# advanced_case_studies

## Advanced Case Studies — Colab-ready

### 1) Chunked CSV processing (aggregation without loading all data)

In [None]:
# Simulate chunked processing using the sample_data.csv (small example)
import pandas as pd
agg = {}
chunksize = 500
for chunk in pd.read_csv('datasets/sample_data.csv', chunksize=chunksize):
    chunk['city'] = chunk['city'].astype('category')
    g = chunk.groupby('city')['price'].sum()
    for k,v in g.items():
        agg[k] = agg.get(k, 0) + v
agg

### 2) Feature engineering: lag and rolling features for time-series

In [None]:
ts = pd.read_csv('datasets/timeseries.csv', parse_dates=['timestamp'], index_col='timestamp')
df_ts = ts.copy()
df_ts['lag_1'] = df_ts['value'].shift(1)
df_ts['rolling_24h_mean'] = df_ts['value'].rolling(window=24).mean()
df_ts[['value','lag_1','rolling_24h_mean']].dropna().head()

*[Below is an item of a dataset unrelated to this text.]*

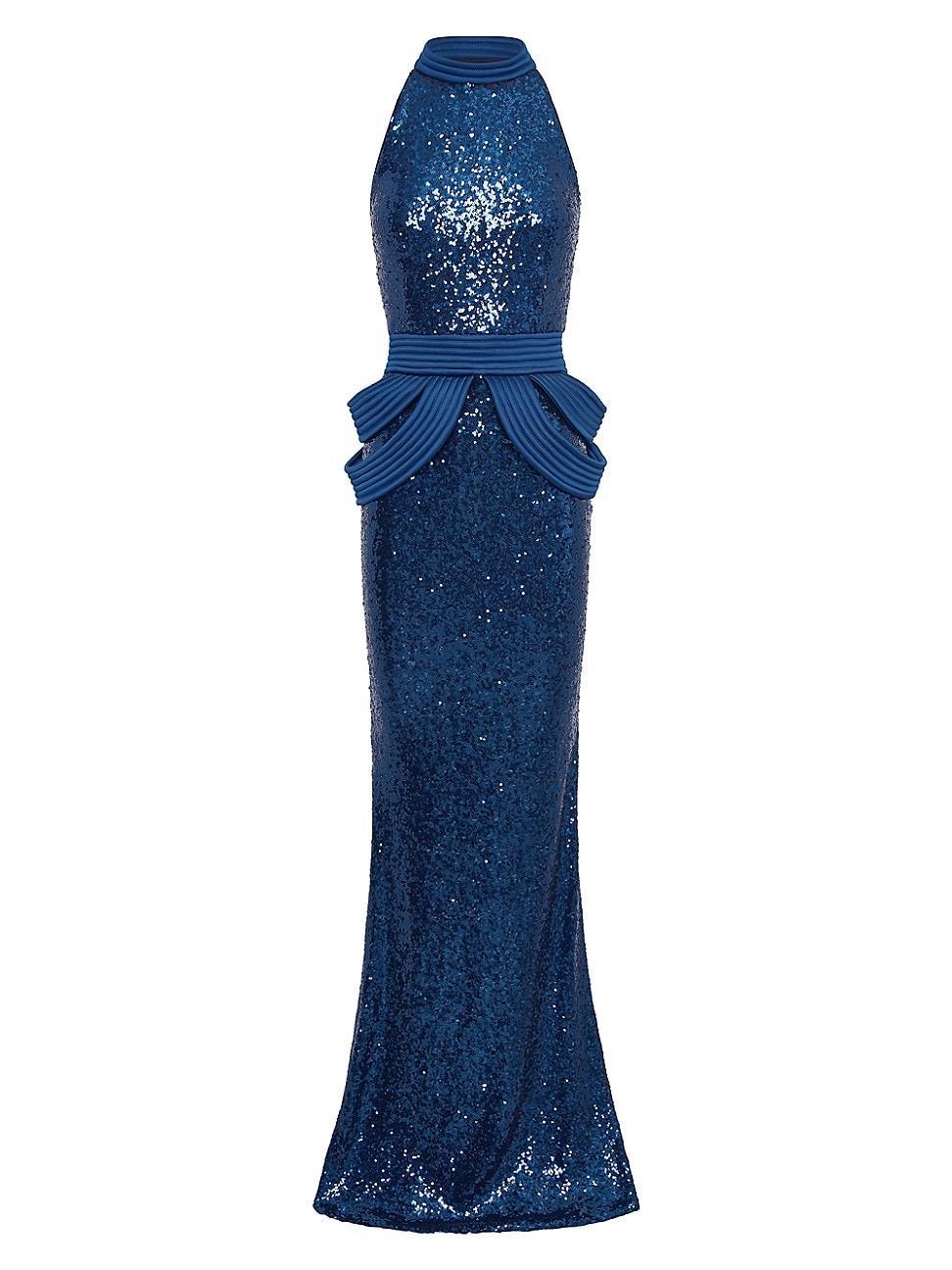 Womens Risen Sequined Halter Gown Product Image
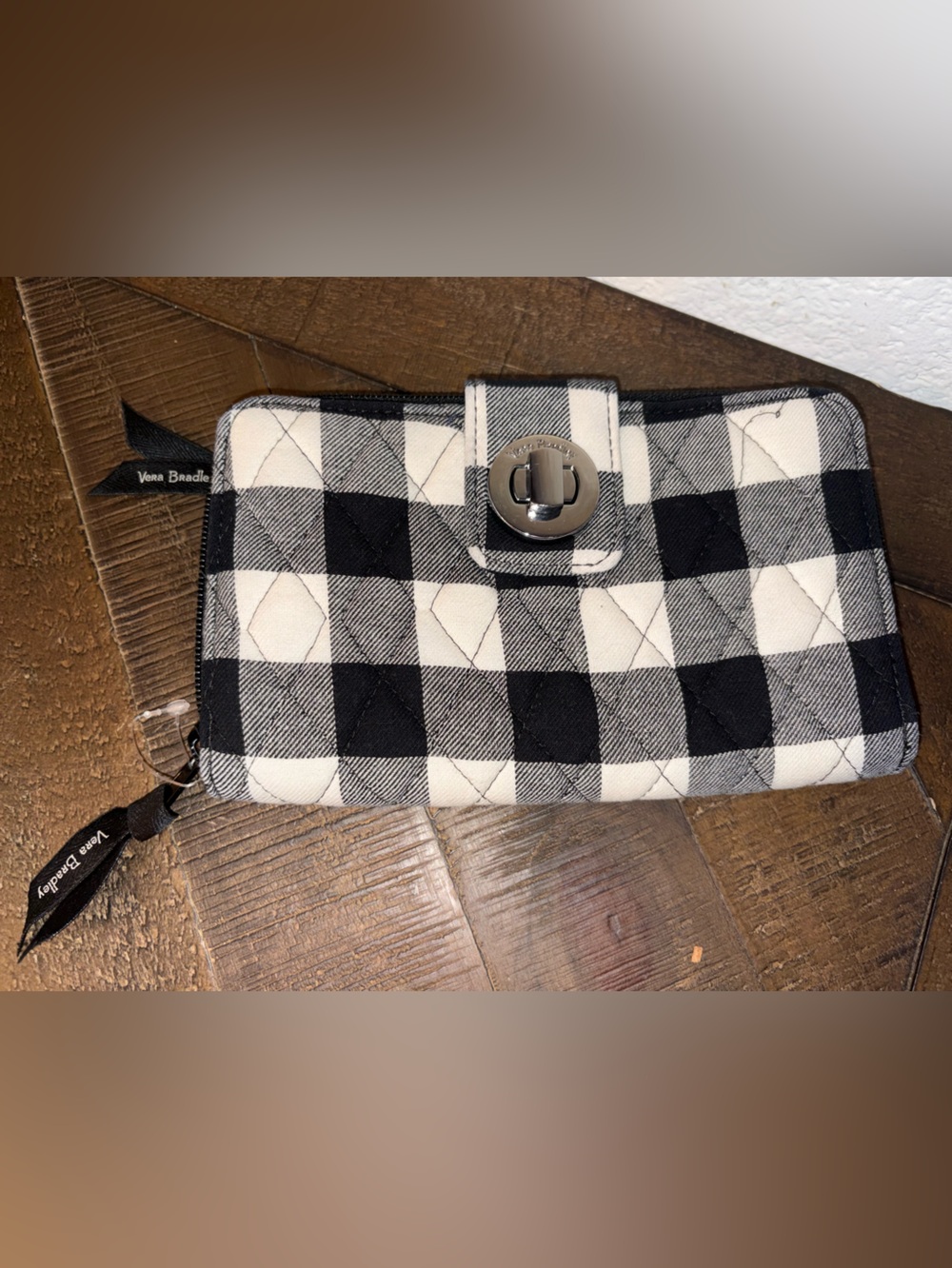 Vera Bradley Black & White Quilted Check Phone Wallet with Turn-Lock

### 3) Join optimization note (example)

In [None]:
# Create a fake lookup and join - demonstrate categorical join speedup
import pandas as pd
left = pd.read_csv('datasets/sample_data.csv', usecols=['id','city','ts'])
right = pd.DataFrame({'city': ['Karachi','Lahore'], 'city_code': [1,2]})
left['city'] = left['city'].astype('category')
right['city'] = right['city'].astype('category')
joined = left.merge(right, on='city', how='left')
joined.head()